Remember a Shepherd Santiago from “The Alchemist” by Paulo Coelho? He is a perfect example of a person who lived his Dharma. But was he always happy? This book is a story about how one man followed his dream and eventually found what he was looking for in his own garden. To obtain that knowledge though, he grazed sheep, crossed a desert, went to another country, learned a new language, worked for one year at the place where he had never dreamed of working, met interesting people, found love, then needed to leave her for some time. He was robbed and beaten several times. Santiago learned a lot in the process, developed intuition and, eventually, found out that the treasure he sought was in his own garden. However, if he had suppressed his calling to move forward from the beginning, he would have never figured that out. I don’t think he was always happy in the process, but the fact that he did something to achieve his dreams every day is the most important lesson.

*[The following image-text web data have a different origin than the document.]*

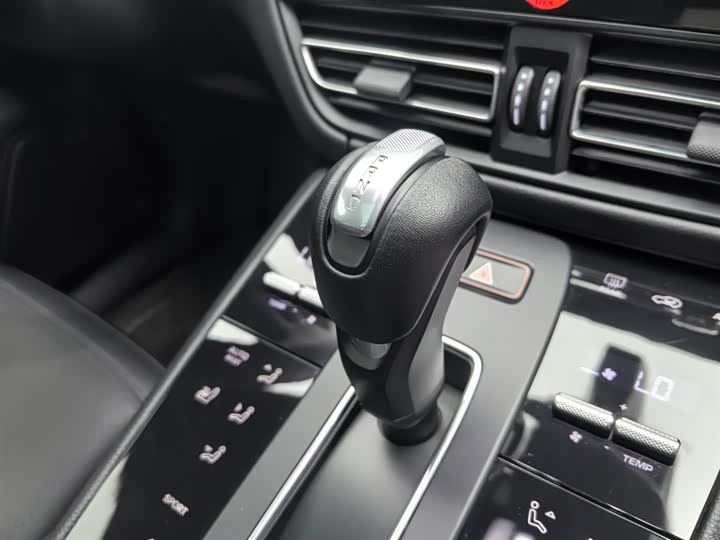 Фото 13 - Porsche Macan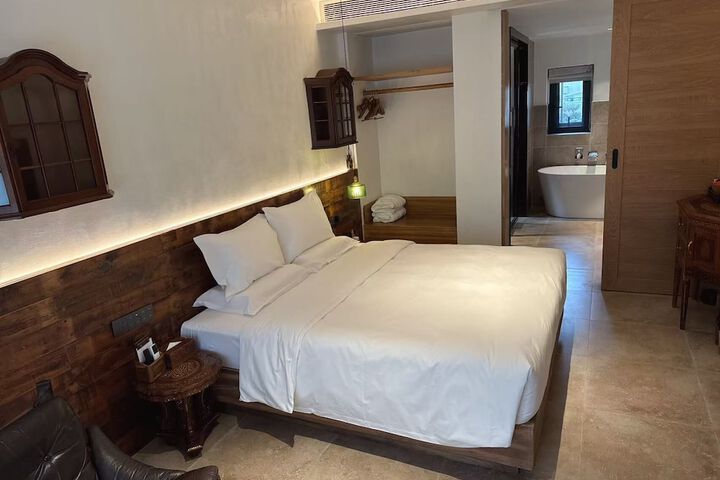 Room 84 of 147
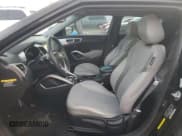 ✅ 2012 Hyundai Veloster w/Red Int • VIN: KMHTC6AD1CU054084 • Lot: 82655304. Wystawiony na Copart z przebiegiem 144 111 mil. Bezpłatny archiwum sprzedaży aukcyjnych z USA i szczegółowy raport historii pojazdu na DreamBid. Zdjęcie 7.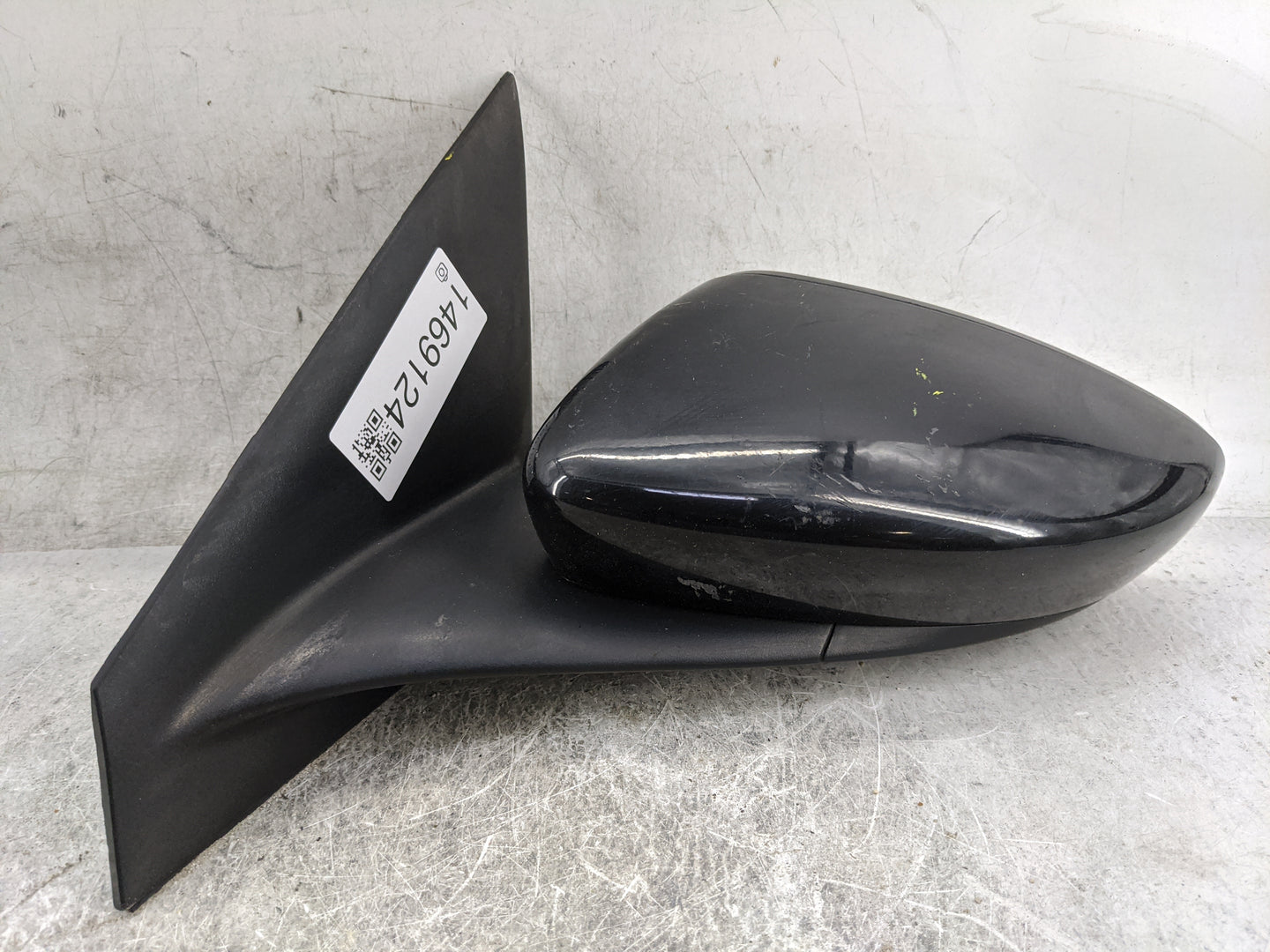 2015-2017 Chrysler 200 Driver Side View Mirror - Left Door Mirror OEM Used - Oemusedautoparts1.com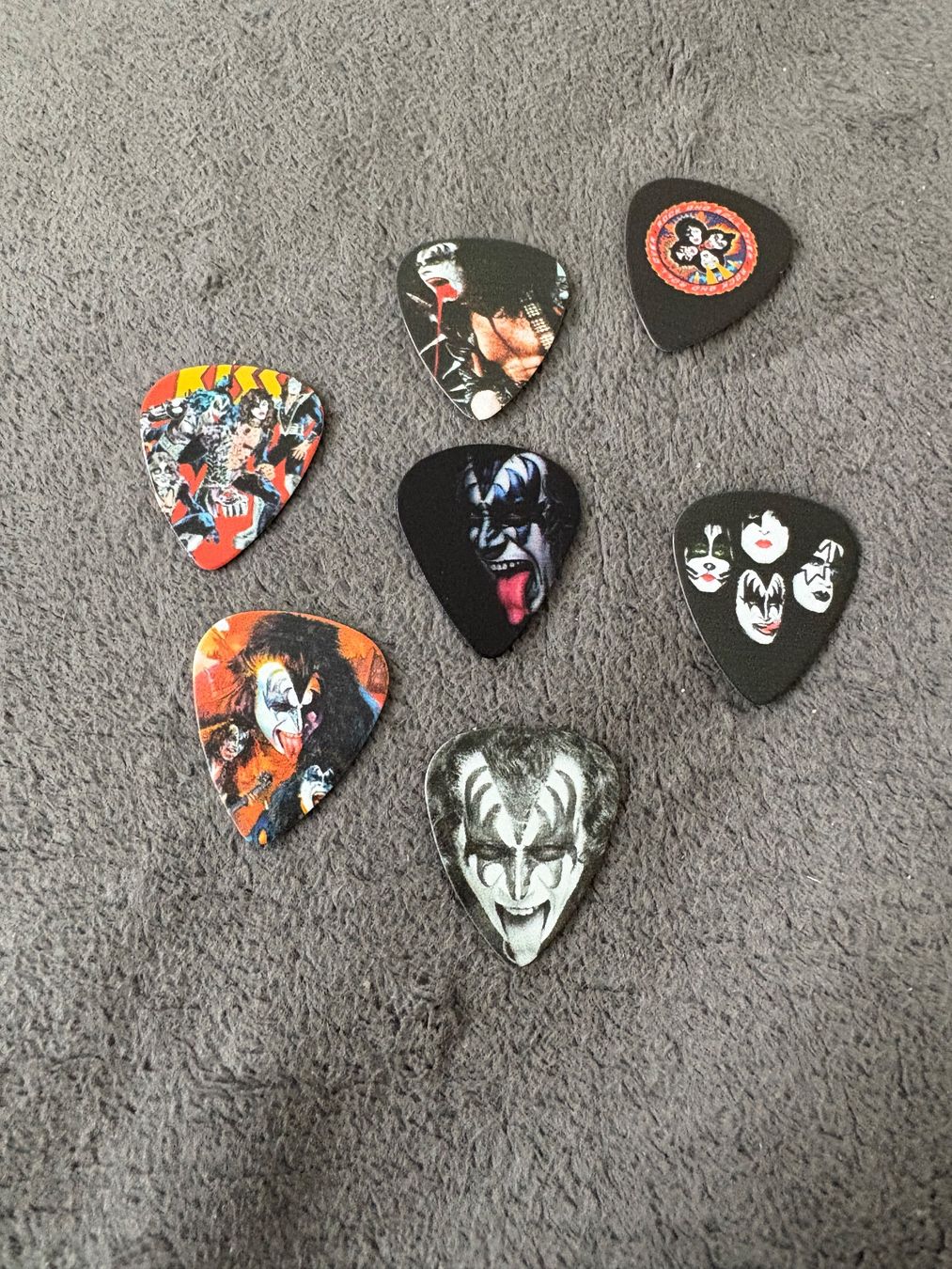Strumenti musicali: KISS Plectrum Picks Gitarre 7er Set – Nuovo (secondo la descrizione) da Wetzikon ZH venduto da tuningschmiede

And it’s not necessary to cross the whole world, you can stay at the same village where you were born and follow your dreams every day. Living your Dharma or following a dream is when you feel you’re doing exactly what you’re supposed to do here and now. If that feeling goes away, that’s where we need to step away from the normal routine, take a risk and change something.

 

By now, I bet, you’re wondering: “Who are you? Did you happen to figure out what your own Dharma is or you’re just writing aimlessly here?”

 

I was always a person who, no matter what happened, would continue to explore things and take small step towards figuring out what my Dharma was every day: I read philosophical books and worked at different places from the age of 14 – but not because I needed money at that time. I just wanted to figure out what people feel when they do a particular kind of job. I worked as a janitor, a hostess, a salesperson, a school and camp counselor, a sales manager, and a marketer.  I especially loved working as a camp counselor. Kids have so much pure energy. They are so creative and free spirited. For children, everything is possible. Adults, on the other hand, usually forget about these possibilities. And that’s exactly what happened to me after I moved to New York at 22 and began working as a sales manager. I can’t say I hated my job (at the beginning); it was an “ok” job with good money to be made and a guarantee of a roof above my head every night.

 

When I was at the point when every day I woke up crying because I needed to go to work, and I began to have anxiety, stomach pain and gynecological stress-related issues, I was forced to stop and think. Physical pain usually has the power to do that. Unexpectedly (as it felt), I soon discovered yoga. And after a year of practicing, my life has dramatically changed. I met my husband.  Later, I became a yoga instructor. And, four months ago I quit my job where I spent almost 7 years of my precious lifetime. I’m not going to lie, at the beginning it was terrifying! But now, every day is so beautiful and exciting! I teach yoga and work as a digital marketing freelancer. I really love working with people and I’m almost ready to conclude that this is my Dharma. I feel fantastic when I teach yoga: time flies, I feel fulfilled and happy (even though constant challenges and moments of doubt are still there).  There is a scary moment for me when I’m almost there, but I’m still afraid to make that final step, fully commit and say out loud that I’ve found my purpose in life.

 

If you have no idea what your Dharma may be, but if you don’t feel uplifted by your current situation, you don’t have a lot of time. Start with 5 minutes a day and sit quietly. Even though it may be scary or boring at the beginning, trust the process. Soon you’ll begin noticing something different, see the things and situations you’re constantly neglecting now.  Eventually, your Dharma will gracefully present itself to you. You won’t confuse that moment with anything else!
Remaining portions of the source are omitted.